日本人としての私が、他の国の人々といわゆるアフリカ研究をする。そして、アフリカ人アフリカ研究者と一緒に勉強をする。それぞれのバックグラウンドで、語り合うことば。本の中だけにとどまらない、我々の実際生きてきた社会のことを考える貴重な時間だ。世界各国の様々な経歴を持った人たちと、活発な議論を通して違った視点を確認しあうことで、アフリカを自らの中で多面的・立体的に構築していく絶好の機会。そして、世界がつながっているというごく当たり前なことを、認識する。

 比較的規模の小さなCASではあるが、カリキュラムの組み方は非常に充実している。

CAS自体は、オフィスや会議室・応接室など、いくつかの部屋だけのこぢんまりとしたつくりではあるものの、同じ建物に所狭しと並ぶ研究室にはアフリカを専門とした様々な分野の教授陣がそろっている。大学全体では、実に17学部に渡る約100人以上の教授・講師がアフリカ研究を専門、あるいは専門の一部としており、CASにも学際的な研究環境を提供していることになる。

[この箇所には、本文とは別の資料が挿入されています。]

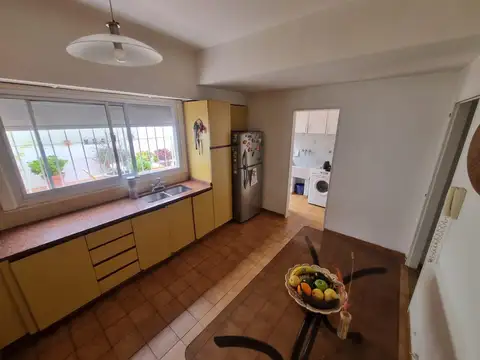 Depto Tipo Casa en Venta 40 años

 CASでの修士プログラムは、フルタイム制で全12ヶ月。社会科学ベースのコア・コースを中心に、多岐に渡った約20種類の科目からそれぞれの関心に基づいてカリキュラムを組むことが出来る。アフリカの政治・社会的発展と題されたコア・コースは、歴史・経済・教育・政治・法律・環境保護と開発の順に、多分野にわたったテーマで展開され、さらにディベートとディスカッションが加えられていた。当然、多種多様なバックグラウンドをもった講師が順番に講義をしていくので、講義内容の密度は非常に高い。

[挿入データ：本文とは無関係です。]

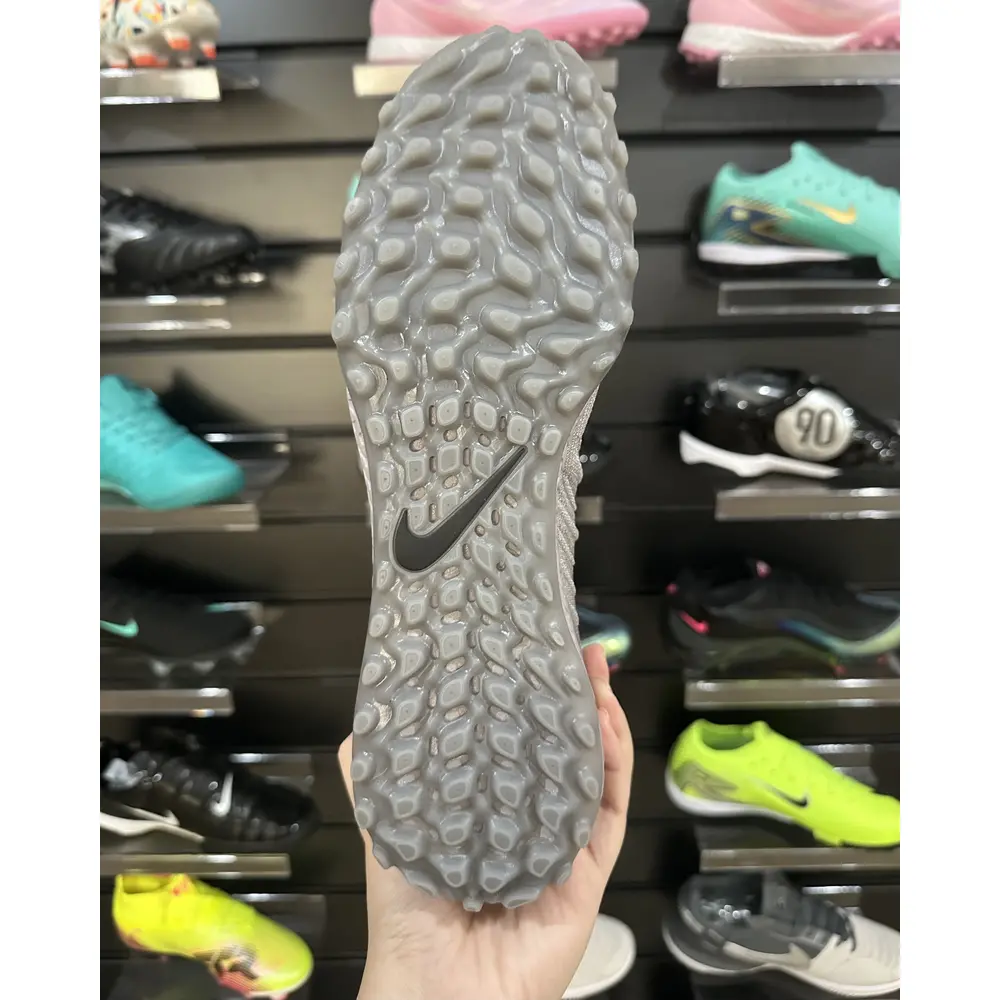 Chuteira Society Nike Phantom GX 2 Elite TF | Cinza e Preta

週に一度のこの必須コースに併せて、学生は自分の興味と専門にあったコースを多学部にわたり選択することができるため、各々の研究テーマにそったカリキュラム作り、ひいては年度末の修士論文に向けた準備を工夫することも可能なのである。

私の場合、プログラムでは「開発」中心にエッセイを書いてきたが、論文はやはり作家ベッシー・ヘッドを使ってアイデンティティと歴史認識の問題を描いた。よって、社会科学分野だけでなく文学の専門教官も必要だったわけであり、スターリング大学通いが実現したわけである。このことも、その柔軟性を売りとするCASならではであろう。

修士課程の学生の課題は、年間6本のエッセイ。それぞれ3,500ワードから4,000ワード。論文115,000ワードから20,000ワード。プラス、数回のプレゼンテーションやディスカッション、ディベート。平常授業のリーディングが、いつでも山積み。毎週開催されるセミナーには、研究者をはじめ政府関係者からNGO関係者まで、幅広いバックグラウンドの人間がやってきて、非常にアカデミックな専門分野の講演から現場のストリートチルドレンの話題まで、実に多種多様な話題で聴衆をうならせる。また、一時帰国中のNGOスタッフ、研究生など、それぞれのキャリアをもった専門家の都合が合い次第、月に数回のペースで臨時セミナーや昼食をとりながらの気軽な発表などがある。これにより、学生は多くの人と触れ合う回数が増え、自らのネットワークを広げる機会を得られる。

毎年、学会がある。かなり力を入れた学会で、世界各地から毎年100人ほど集まる。多角的な視点と立体的なアフリカ像の構築。めくるめく発表が終わると、皆でハイランドに行く。美しい大自然の中で、三日間過ごす。小さなセミナーと、書評会。そして、テニス、バドミントン、パターゴルフ、散歩、探検、昼寝、日向ぼっこ、語り合い、おいしい食事、ワイン、音楽、歌、ハイランドダンス観賞、あの人のいつもと違う表情、酔っ払って歌って踊って語り合った青白い夜明け。遠くて近い、アフリカの感触。いろんな国の、いろんな年齢の、いろんな人生を背負った人々のなかに、同じ「アフリカ」が息づいている。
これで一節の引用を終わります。